2001年末〜2002年初頭は近所の建物が次々と解体される、衝撃的な出来事が多かった時期でした。
石川県小松市。所々に古い町並みが残る都市ですが、ここでも老舗ビルが姿を消そうとしていました。

助手:先輩、最近、近所の様子が慌しいんです。もしかすると・・・
作者:おいおい、何だよ?
助手:京ビルが解体されるかもしれません。
作者:!!そうか、しかし、思っていたより早いな。どうしてそう思ったんだ?
助手:重機が入ってきてるんですよ。もしかしたら1階部分の解体が始まってるかもしれません。
作者:うーん、もう迷ってる時間はないな。内部に入れるかな?
助手:昼間は作業をするから無理でしょう。でも夜の探索はしないんですよね?
作者:夜は写真が自由に撮れないから駄目なんだよ。となれば、早朝しかないな・・・
助手:それじゃ、僕の部屋に泊まって、翌朝すぐに活動するのはどうですか?僕は寝ていますけど(笑)。
作者:(苦笑)。そうか、それじゃ泊めてくれ。俺一人で潜入してみるよ。

早朝のビル前。京ビルはまだ原形をとどめていました。

作者:お前なんか、この建物は見飽きているんだろ?
助手:まあね。ずいぶんくたびれた建物だなとは思っていましたけど。メインは1階のスーパーマーケットなんですけど。
作者:入ったことある?
助手:それが、1度もないんですよ(苦笑)。スーパーマーケットは夜行っても閉まってるし、コンビニのほうが便利だし。
作者:2階の店は?何か覚えていることがあるか?
助手:ないんですよね(苦笑)。美容室と喫茶店があることだけは知っていましたけど。

ビル全景です。テナントはすでに全て撤退、あとは取り壊しを待つのみです。
スーパーマーケット「犬丸屋」は近くに店舗を新築、現在も営業しています。
すぐに重機の魔の手が迫っていました。もう猶予はありません。
1階の出入り口が壊されて開放状態です。今なら入れそうです。

作者:速攻で潜入だ。
助手:えー、本当に入ったんですか?無茶するなぁ・・・。

1階の内部です。店舗の面影はまったく残っていませんでした。
瓦礫を掃除するホイールローダが入っていました。1階の解体作業はほぼ終了しているようです。
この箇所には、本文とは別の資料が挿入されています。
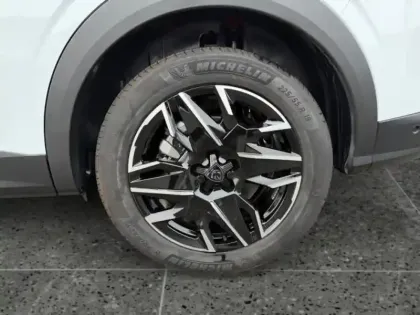 Photo 12 Peugeot 5008  Hybrid 145ch GT e-DCS6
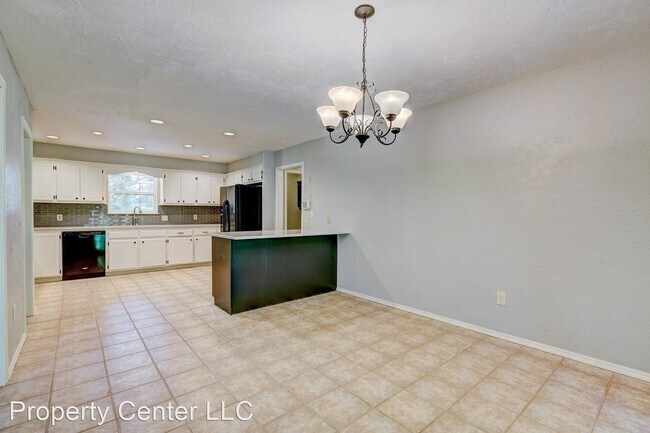 Building Photo - 4 br, 3 bath House - 2801 Twelve Oaks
作者:1階の窓はガラスになにか貼り付けてあるようで、光が入らずに真っ暗だ。
助手:ここがスーパーマーケットの跡ですか?ちょっとわかりませんね。

鉄板の壁がそのままでした。周囲に壁らしき跡が見えますが、すっかり壊されていました。

作者:おそらく鮮魚か精肉の加工場だったんだろうな。
助手:壁の蛇口なんかもそのままですね。
作者:雰囲気は単調でずっとこんな感じだから、すぐに奥に進んだ(笑)。
助手:1階はそれほど見どころはないみたいですね。

角の出入り口周辺の内部は瓦礫が積み上げられたままでした。
トイレ?でしょうか。この区画だけ壊されずに残っていました。配管がだらしなくぶら下がってます。

作者:まあ、ざっとこんなもんだ。
助手:このぶんだと、メインは2階以上にあるみたいですね。
作者:2階にはまだ重機が入っていないみたいだったからな。まだまだ探索はこれからだ。